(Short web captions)

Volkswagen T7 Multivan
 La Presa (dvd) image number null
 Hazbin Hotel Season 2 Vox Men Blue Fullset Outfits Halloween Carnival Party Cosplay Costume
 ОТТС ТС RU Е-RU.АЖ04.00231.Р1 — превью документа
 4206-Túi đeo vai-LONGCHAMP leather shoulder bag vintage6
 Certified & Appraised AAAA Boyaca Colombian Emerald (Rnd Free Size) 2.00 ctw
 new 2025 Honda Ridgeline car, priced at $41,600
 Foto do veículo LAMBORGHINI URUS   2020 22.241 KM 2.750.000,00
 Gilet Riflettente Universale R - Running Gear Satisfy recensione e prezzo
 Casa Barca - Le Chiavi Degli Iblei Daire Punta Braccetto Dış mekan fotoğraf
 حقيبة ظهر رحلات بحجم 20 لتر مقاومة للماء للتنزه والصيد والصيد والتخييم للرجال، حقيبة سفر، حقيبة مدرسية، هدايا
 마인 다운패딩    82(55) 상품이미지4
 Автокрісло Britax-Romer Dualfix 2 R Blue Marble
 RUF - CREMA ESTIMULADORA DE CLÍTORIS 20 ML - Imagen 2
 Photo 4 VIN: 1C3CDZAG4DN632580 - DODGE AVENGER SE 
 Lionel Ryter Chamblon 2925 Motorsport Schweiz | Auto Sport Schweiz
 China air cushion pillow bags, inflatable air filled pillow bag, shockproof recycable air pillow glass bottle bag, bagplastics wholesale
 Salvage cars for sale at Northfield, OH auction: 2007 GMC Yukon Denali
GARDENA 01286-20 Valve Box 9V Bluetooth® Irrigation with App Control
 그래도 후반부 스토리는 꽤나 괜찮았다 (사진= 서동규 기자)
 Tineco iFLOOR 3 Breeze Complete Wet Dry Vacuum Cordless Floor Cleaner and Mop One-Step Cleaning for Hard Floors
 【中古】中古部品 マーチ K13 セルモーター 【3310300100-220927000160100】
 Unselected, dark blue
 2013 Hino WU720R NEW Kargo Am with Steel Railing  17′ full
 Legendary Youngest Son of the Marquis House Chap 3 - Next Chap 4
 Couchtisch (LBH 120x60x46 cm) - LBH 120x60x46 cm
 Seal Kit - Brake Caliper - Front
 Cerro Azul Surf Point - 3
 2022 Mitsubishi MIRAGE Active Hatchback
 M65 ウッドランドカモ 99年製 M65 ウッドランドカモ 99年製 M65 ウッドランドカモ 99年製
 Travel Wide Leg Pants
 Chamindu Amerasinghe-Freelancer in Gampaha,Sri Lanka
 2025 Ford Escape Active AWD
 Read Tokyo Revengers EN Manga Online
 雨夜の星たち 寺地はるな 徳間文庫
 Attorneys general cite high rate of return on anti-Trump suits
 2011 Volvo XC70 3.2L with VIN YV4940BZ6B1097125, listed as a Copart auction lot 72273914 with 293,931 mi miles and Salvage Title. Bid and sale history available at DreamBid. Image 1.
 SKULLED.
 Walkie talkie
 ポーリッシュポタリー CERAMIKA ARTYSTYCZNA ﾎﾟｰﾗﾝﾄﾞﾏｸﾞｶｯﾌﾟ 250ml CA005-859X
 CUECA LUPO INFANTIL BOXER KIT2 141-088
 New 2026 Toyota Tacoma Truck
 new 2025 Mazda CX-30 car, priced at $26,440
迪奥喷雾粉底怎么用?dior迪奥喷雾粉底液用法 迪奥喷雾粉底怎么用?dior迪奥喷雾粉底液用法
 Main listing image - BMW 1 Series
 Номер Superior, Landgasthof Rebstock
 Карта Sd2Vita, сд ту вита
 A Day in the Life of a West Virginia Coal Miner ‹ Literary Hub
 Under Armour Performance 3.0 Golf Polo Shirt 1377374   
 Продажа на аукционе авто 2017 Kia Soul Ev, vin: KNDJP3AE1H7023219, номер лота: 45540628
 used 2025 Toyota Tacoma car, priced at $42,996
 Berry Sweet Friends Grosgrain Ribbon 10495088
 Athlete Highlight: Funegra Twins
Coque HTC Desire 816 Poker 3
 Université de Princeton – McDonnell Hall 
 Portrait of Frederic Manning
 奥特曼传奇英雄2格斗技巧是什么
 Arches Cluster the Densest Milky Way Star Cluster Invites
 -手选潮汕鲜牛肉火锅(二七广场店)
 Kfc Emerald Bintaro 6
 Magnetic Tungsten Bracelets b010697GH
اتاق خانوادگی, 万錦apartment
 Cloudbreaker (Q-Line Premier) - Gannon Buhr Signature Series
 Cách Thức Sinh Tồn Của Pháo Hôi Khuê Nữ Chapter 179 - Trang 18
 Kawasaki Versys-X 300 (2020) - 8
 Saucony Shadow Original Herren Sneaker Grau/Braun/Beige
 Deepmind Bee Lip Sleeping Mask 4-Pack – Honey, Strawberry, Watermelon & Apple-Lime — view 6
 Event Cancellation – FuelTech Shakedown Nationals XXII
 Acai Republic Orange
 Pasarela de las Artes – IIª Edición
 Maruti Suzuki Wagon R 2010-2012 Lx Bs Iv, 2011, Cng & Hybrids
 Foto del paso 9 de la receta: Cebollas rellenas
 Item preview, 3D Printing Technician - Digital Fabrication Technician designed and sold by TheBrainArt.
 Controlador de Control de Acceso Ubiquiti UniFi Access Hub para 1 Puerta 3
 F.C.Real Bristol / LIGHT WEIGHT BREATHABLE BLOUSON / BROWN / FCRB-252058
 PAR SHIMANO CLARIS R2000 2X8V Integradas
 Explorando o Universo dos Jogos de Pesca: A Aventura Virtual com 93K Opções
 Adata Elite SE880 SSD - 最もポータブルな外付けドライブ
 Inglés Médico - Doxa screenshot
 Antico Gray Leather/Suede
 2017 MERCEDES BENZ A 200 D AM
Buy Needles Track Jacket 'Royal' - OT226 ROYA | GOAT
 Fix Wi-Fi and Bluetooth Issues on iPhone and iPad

• Problem requirements
Faithfully reproduce all of the records, character for character.

• Answer space
Volkswagen T7 Multivan
 La Presa (dvd) image number null
 Hazbin Hotel Season 2 Vox Men Blue Fullset Outfits Halloween Carnival Party Cosplay Costume
 ОТТС ТС RU Е-RU.АЖ04.00231.Р1 — превью документа
 4206-Túi đeo vai-LONGCHAMP leather shoulder bag vintage6
 Certified & Appraised AAAA Boyaca Colombian Emerald (Rnd Free Size) 2.00 ctw
 new 2025 Honda Ridgeline car, priced at $41,600
 Foto do veículo LAMBORGHINI URUS   2020 22.241 KM 2.750.000,00
 Gilet Riflettente Universale R - Running Gear Satisfy recensione e prezzo
 Casa Barca - Le Chiavi Degli Iblei Daire Punta Braccetto Dış mekan fotoğraf
 حقيبة ظهر رحلات بحجم 20 لتر مقاومة للماء للتنزه والصيد والصيد والتخييم للرجال، حقيبة سفر، حقيبة مدرسية، هدايا
 마인 다운패딩    82(55) 상품이미지4
 Автокрісло Britax-Romer Dualfix 2 R Blue Marble
 RUF - CREMA ESTIMULADORA DE CLÍTORIS 20 ML - Imagen 2
 Photo 4 VIN: 1C3CDZAG4DN632580 - DODGE AVENGER SE 
 Lionel Ryter Chamblon 2925 Motorsport Schweiz | Auto Sport Schweiz
 China air cushion pillow bags, inflatable air filled pillow bag, shockproof recycable air pillow glass bottle bag, bagplastics wholesale
 Salvage cars for sale at Northfield, OH auction: 2007 GMC Yukon Denali
GARDENA 01286-20 Valve Box 9V Bluetooth® Irrigation with App Control
 그래도 후반부 스토리는 꽤나 괜찮았다 (사진= 서동규 기자)
 Tineco iFLOOR 3 Breeze Complete Wet Dry Vacuum Cordless Floor Cleaner and Mop One-Step Cleaning for Hard Floors
 【中古】中古部品 マーチ K13 セルモーター 【3310300100-220927000160100】
 Unselected, dark blue
 2013 Hino WU720R NEW Kargo Am with Steel Railing  17′ full
 Legendary Youngest Son of the Marquis House Chap 3 - Next Chap 4
 Couchtisch (LBH 120x60x46 cm) - LBH 120x60x46 cm
 Seal Kit - Brake Caliper - Front
 Cerro Azul Surf Point - 3
 2022 Mitsubishi MIRAGE Active Hatchback
 M65 ウッドランドカモ 99年製 M65 ウッドランドカモ 99年製 M65 ウッドランドカモ 99年製
 Travel Wide Leg Pants
 Chamindu Amerasinghe-Freelancer in Gampaha,Sri Lanka
 2025 Ford Escape Active AWD
 Read Tokyo Revengers EN Manga Online
 雨夜の星たち 寺地はるな 徳間文庫
 Attorneys general cite high rate of return on anti-Trump suits
 2011 Volvo XC70 3.2L with VIN YV4940BZ6B1097125, listed as a Copart auction lot 72273914 with 293,931 mi miles and Salvage Title. Bid and sale history available at DreamBid. Image 1.
 SKULLED.
 Walkie talkie
 ポーリッシュポタリー CERAMIKA ARTYSTYCZNA ﾎﾟｰﾗﾝﾄﾞﾏｸﾞｶｯﾌﾟ 250ml CA005-859X
 CUECA LUPO INFANTIL BOXER KIT2 141-088
 New 2026 Toyota Tacoma Truck
 new 2025 Mazda CX-30 car, priced at $26,440
迪奥喷雾粉底怎么用?dior迪奥喷雾粉底液用法 迪奥喷雾粉底怎么用?dior迪奥喷雾粉底液用法
 Main listing image - BMW 1 Series
 Номер Superior, Landgasthof Rebstock
 Карта Sd2Vita, сд ту вита
 A Day in the Life of a West Virginia Coal Miner ‹ Literary Hub
 Under Armour Performance 3.0 Golf Polo Shirt 1377374   
 Продажа на аукционе авто 2017 Kia Soul Ev, vin: KNDJP3AE1H7023219, номер лота: 45540628
 used 2025 Toyota Tacoma car, priced at $42,996
 Berry Sweet Friends Grosgrain Ribbon 10495088
 Athlete Highlight: Funegra Twins
Coque HTC Desire 816 Poker 3
 Université de Princeton – McDonnell Hall 
 Portrait of Frederic Manning
 奥特曼传奇英雄2格斗技巧是什么
 Arches Cluster the Densest Milky Way Star Cluster Invites
 -手选潮汕鲜牛肉火锅(二七广场店)
 Kfc Emerald Bintaro 6
 Magnetic Tungsten Bracelets b010697GH
اتاق خانوادگی, 万錦apartment
 Cloudbreaker (Q-Line Premier) - Gannon Buhr Signature Series
 Cách Thức Sinh Tồn Của Pháo Hôi Khuê Nữ Chapter 179 - Trang 18
 Kawasaki Versys-X 300 (2020) - 8
 Saucony Shadow Original Herren Sneaker Grau/Braun/Beige
 Deepmind Bee Lip Sleeping Mask 4-Pack – Honey, Strawberry, Watermelon & Apple-Lime — view 6
 Event Cancellation – FuelTech Shakedown Nationals XXII
 Acai Republic Orange
 Pasarela de las Artes – IIª Edición
 Maruti Suzuki Wagon R 2010-2012 Lx Bs Iv, 2011, Cng & Hybrids
 Foto del paso 9 de la receta: Cebollas rellenas
 Item preview, 3D Printing Technician - Digital Fabrication Technician designed and sold by TheBrainArt.
 Controlador de Control de Acceso Ubiquiti UniFi Access Hub para 1 Puerta 3
 F.C.Real Bristol / LIGHT WEIGHT BREATHABLE BLOUSON / BROWN / FCRB-252058
 PAR SHIMANO CLARIS R2000 2X8V Integradas
 Explorando o Universo dos Jogos de Pesca: A Aventura Virtual com 93K Opções
 Adata Elite SE880 SSD - 最もポータブルな外付けドライブ
 Inglés Médico - Doxa screenshot
 Antico Gray Leather/Suede
 2017 MERCEDES BENZ A 200 D AM
Buy Needles Track Jacket 'Royal' - OT226 ROYA | GOAT
 Fix Wi-Fi and Bluetooth Issues on iPhone and iPad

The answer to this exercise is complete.